* _Excerpts from a dataset_
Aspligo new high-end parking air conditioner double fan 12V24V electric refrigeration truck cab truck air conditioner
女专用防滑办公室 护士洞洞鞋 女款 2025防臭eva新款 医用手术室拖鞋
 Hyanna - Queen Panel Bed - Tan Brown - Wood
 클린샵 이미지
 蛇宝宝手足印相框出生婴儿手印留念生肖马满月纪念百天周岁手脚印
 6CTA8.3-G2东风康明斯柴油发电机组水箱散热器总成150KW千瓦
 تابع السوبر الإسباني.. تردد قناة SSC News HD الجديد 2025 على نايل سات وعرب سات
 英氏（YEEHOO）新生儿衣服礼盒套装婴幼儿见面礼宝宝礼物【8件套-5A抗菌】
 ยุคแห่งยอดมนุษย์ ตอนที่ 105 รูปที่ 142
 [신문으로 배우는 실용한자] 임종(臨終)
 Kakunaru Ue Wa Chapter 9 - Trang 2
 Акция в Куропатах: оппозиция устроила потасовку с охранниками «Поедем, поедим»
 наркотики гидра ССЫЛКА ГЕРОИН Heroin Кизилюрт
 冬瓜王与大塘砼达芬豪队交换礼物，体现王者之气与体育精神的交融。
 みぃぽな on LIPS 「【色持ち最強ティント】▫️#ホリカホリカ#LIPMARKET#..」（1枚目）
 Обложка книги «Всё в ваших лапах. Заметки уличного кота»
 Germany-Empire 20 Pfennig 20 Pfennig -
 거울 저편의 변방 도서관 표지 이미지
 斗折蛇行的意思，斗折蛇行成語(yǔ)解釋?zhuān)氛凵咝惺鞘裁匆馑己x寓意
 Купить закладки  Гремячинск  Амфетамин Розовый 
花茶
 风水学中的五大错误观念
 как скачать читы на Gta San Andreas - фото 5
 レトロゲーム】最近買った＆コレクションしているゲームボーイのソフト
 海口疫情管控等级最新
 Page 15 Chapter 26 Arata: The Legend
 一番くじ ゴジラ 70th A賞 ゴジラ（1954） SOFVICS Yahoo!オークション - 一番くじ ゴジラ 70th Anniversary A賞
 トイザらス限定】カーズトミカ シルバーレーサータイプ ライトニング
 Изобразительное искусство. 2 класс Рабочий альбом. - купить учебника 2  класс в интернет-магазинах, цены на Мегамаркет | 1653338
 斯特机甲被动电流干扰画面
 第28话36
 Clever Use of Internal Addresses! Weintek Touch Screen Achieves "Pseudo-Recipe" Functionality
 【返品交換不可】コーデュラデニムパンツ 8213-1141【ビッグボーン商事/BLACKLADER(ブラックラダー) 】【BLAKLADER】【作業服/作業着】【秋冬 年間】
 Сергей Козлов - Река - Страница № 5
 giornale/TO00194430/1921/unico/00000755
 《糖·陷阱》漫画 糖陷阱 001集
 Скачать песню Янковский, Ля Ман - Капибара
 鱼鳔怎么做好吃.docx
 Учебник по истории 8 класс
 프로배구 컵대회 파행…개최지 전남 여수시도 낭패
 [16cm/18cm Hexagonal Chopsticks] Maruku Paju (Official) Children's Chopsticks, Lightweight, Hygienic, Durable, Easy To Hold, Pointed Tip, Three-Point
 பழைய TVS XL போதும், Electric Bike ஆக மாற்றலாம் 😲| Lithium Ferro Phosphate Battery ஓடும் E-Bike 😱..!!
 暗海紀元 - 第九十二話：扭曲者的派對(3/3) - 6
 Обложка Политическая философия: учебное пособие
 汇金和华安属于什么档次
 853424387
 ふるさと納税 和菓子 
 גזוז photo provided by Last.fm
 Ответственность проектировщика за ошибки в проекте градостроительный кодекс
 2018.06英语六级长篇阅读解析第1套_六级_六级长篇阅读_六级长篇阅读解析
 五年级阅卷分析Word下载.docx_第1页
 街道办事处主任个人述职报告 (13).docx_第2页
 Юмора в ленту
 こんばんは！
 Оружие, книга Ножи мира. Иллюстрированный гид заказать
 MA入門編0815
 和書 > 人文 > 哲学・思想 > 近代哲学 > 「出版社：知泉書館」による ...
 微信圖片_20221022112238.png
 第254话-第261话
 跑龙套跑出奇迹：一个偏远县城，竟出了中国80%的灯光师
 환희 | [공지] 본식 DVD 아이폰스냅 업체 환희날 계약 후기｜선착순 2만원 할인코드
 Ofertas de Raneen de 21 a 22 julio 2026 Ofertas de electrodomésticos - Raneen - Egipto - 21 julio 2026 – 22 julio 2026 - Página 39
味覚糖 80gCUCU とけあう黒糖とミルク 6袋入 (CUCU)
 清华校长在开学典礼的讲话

* _Task_
Exactly as written, copy the lines from the one containing "பழைய TVS XL" to the end of the entries, both ends included.

* _Reply_
 பழைய TVS XL போதும், Electric Bike ஆக மாற்றலாம் 😲| Lithium Ferro Phosphate Battery ஓடும் E-Bike 😱..!!
 暗海紀元 - 第九十二話：扭曲者的派對(3/3) - 6
 Обложка Политическая философия: учебное пособие
 汇金和华安属于什么档次
 853424387
 ふるさと納税 和菓子 
 גזוז photo provided by Last.fm
 Ответственность проектировщика за ошибки в проекте градостроительный кодекс
 2018.06英语六级长篇阅读解析第1套_六级_六级长篇阅读_六级长篇阅读解析
 五年级阅卷分析Word下载.docx_第1页
 街道办事处主任个人述职报告 (13).docx_第2页
 Юмора в ленту
 こんばんは！
 Оружие, книга Ножи мира. Иллюстрированный гид заказать
 MA入門編0815
 和書 > 人文 > 哲学・思想 > 近代哲学 > 「出版社：知泉書館」による ...
 微信圖片_20221022112238.png
 第254话-第261话
 跑龙套跑出奇迹：一个偏远县城，竟出了中国80%的灯光师
 환희 | [공지] 본식 DVD 아이폰스냅 업체 환희날 계약 후기｜선착순 2만원 할인코드
 Ofertas de Raneen de 21 a 22 julio 2026 Ofertas de electrodomésticos - Raneen - Egipto - 21 julio 2026 – 22 julio 2026 - Página 39
味覚糖 80gCUCU とけあう黒糖とミルク 6袋入 (CUCU)
 清华校长在开学典礼的讲话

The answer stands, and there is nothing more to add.